Das Ziel des Projektes ist zum einen die vollständige Erfassung der Doppelgrabanlage und ihrer unterschiedlichen Nutzungsphasen (ihres „use-life“), zum anderen die Bewertung ihrer baugeschichtlichen sowie religionshistorischen Stellung als Grabtempel am Ende des Neuen Reiches.
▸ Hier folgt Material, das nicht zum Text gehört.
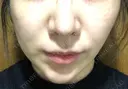 糸リフト ノーチェビューティクリニック DAY 9 サムネイル用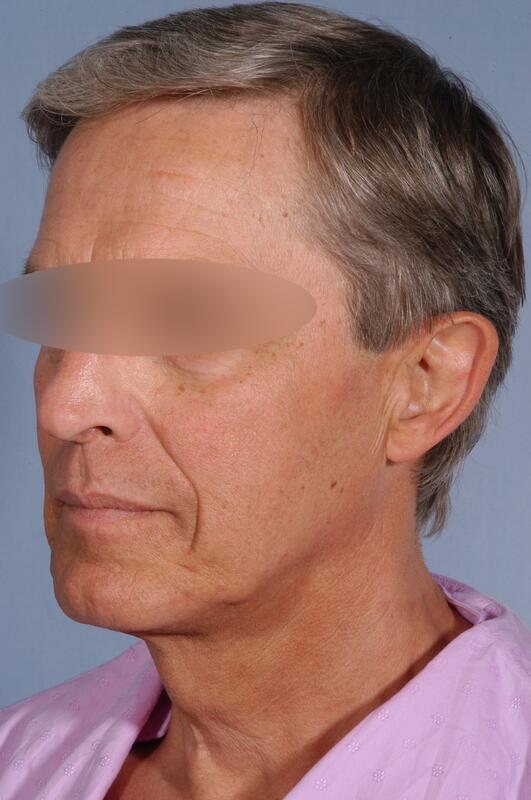 Male facelift Before & After Image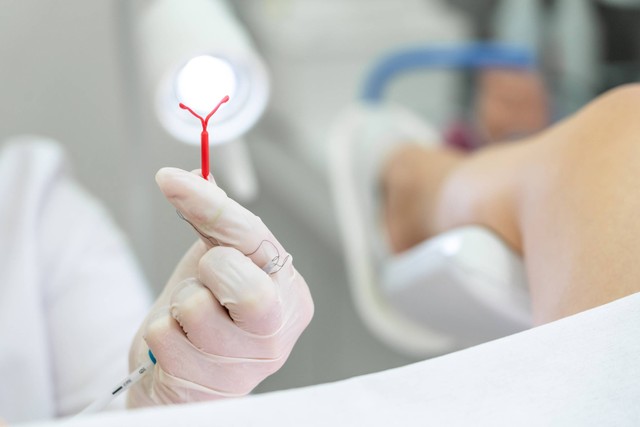 Ilustrasi dokter menjelaskan pemasangan KB IUD Foto: mariakray/Shutterstock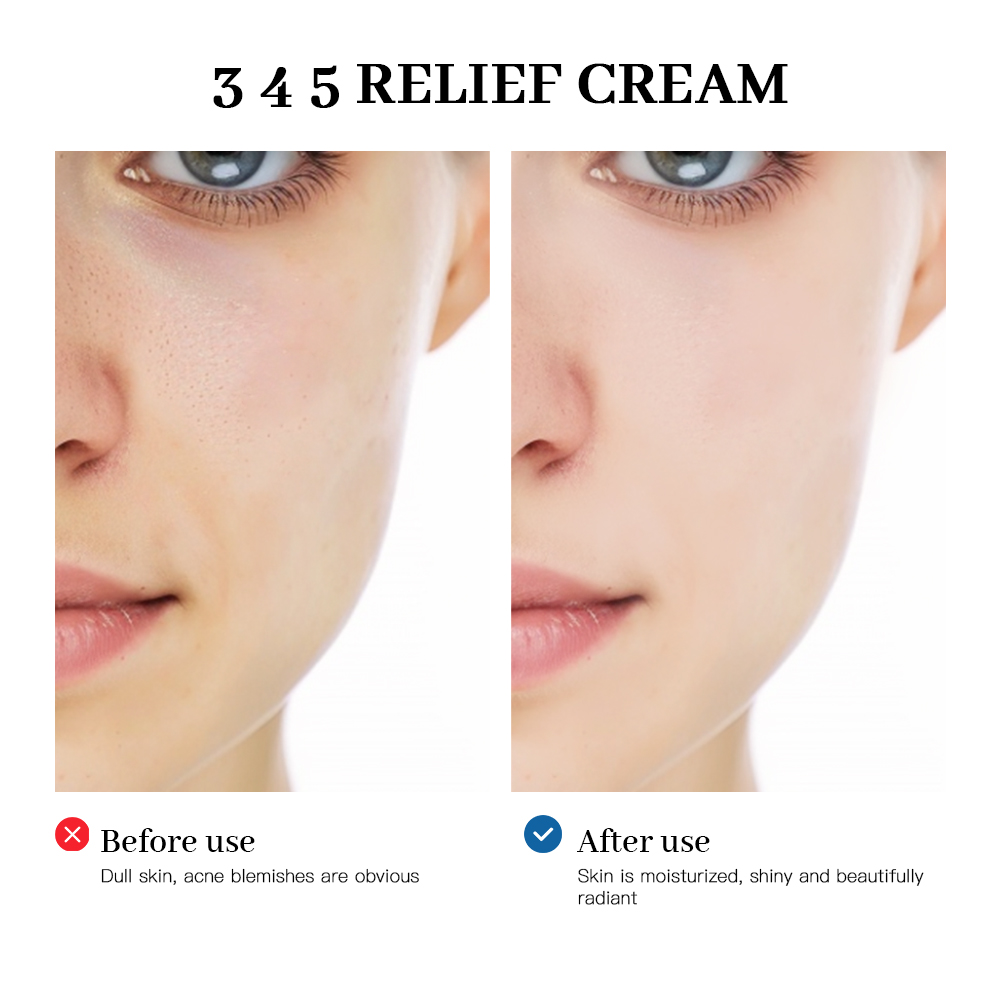 345 Relief Cream Address Blemi - Photography Treatment avaliação e preço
Neben der Frage nach der Funktion und Bedeutung dieser speziellen Grabarchitektur gilt auch der Einbettung des Grabkomplexes in die Rituallandschaft von Theben-West besonderes Interesse. Diese Landschaft ist durch die lokalen Prozessionsfeste geprägt, deren Ritualistik wiederum Einfluß auf Architektur und Bildprogramm der Gräber und Tempel genommen hat. Durch die exponierte Lage und ihre religiöse Bestimmung waren K93.11 und K93.12 in besonderer Weise in die thebanischen Festzyklen eingebunden. Verschiedene Faktoren machen eine Bezugnahme auf die religiöse Topografie deutlich, wie der Sichtbezug zum Haupttempel von Karnak auf der Ostseite des Nils und die konzeptuelle Verbindung zum Tempel des vergöttlichten Königspaares Amenophis I. und Ahmes-Nefertari, dessen exakt genordete Hauptachse offenbar auf die Doppelgrabanlage ausgerichtet ist. Die archäologischen Ergebnisse erlauben zusammen mit den topografischen Beobachtungen Rückschlüsse auf die religiöse Funktion der ramessidischen Grabtempel sowie auf den Verlauf von Prozessionswegen, wie sie z. B. im „Schönen Fest vom Tale“ genutzt worden sind.
Ausgangspunkt sind die zentralen Fragen der Nekropolenforschung, die sich mit der Entstehung und Entwicklung einer Nekropole, ihrer Nutzungsgeschichte (in chronologischer, religions- und sozialgeschichtlicher sowie kulturhistorischer Hinsicht), ritual-/topografischen Bezügen von Gräbern und Grabgruppen und der Entwicklung bzw. Veränderung von Grabarchitektur und Bestattungspraxis beschäftigt (siehe auch die Hauptseite der Unternehmung Dra’ Abu el-Naga). In K93.11/K93.12 können verschiedene Aspekte in exemplarischer Weise erforscht werden: die Motivation sowohl der ursprünglichen Ortswahl als auch der mehrfachen Wiederbenutzung des Platzes von der 20. bis in die 25. Dynastie, die Strategien und Prozesse der Umgestaltung von Grab und Landschaft in ihrem jeweiligen historischen Kontext und schließlich, als Teil davon, die koptisch-monastische Besiedlung des Hügels und die Nachnutzung pharaonischer Strukturen.
Neben der archäologischen Ausgrabung und Dokumentation erfolgt eine bauhistorische Untersuchung der beiden Grabanlagen. Für die Aufnahme der Architektur werden Handaufmaß, tachymetrischer Survey und Structure from Motion-Verfahren, wobei auch die landschaftliche Umgebung der Gräber miterfasst wird, kombiniert. Darüber hinaus wird der Komplex in die detaillierte topografische Kartierung des Hügels von Dra’ Abu el-Naga einbezogen, die im Rahmen des Kooperationsprojektes in Deir el-Bachit für den nördlichen Bereich der Konzession bereits erfolgt ist. Das Fundmaterial wird gemäß der jeweiligen Objektgruppe nach technologischen, archäometrischen sowie kunst- und kulturhistorischen Gesichtspunkten aufgenommen und untersucht. Die geborgenen menschlichen Überreste werden anthropologisch und paläopathologisch analysiert.
Für die übergreifende Untersuchung der kulttopografischen Einbettung und rituellen Vernetzung des Platzes werden GIS-Daten der Region Theben ausgewertet, die unter anderem vom Egyptian Antiquities Information System erhoben wurden.
Eine weitere wichtige Quelle für die religions- und kulturhistorische Erschließung beider Grabanlagen ist ihr zerstörtes Dekorationsprogramm (Bilder und Texte). Dieses wird im Rahmen einer epigrafischen Bearbeitung aufgenommen, digital rekonstruiert und analysiert.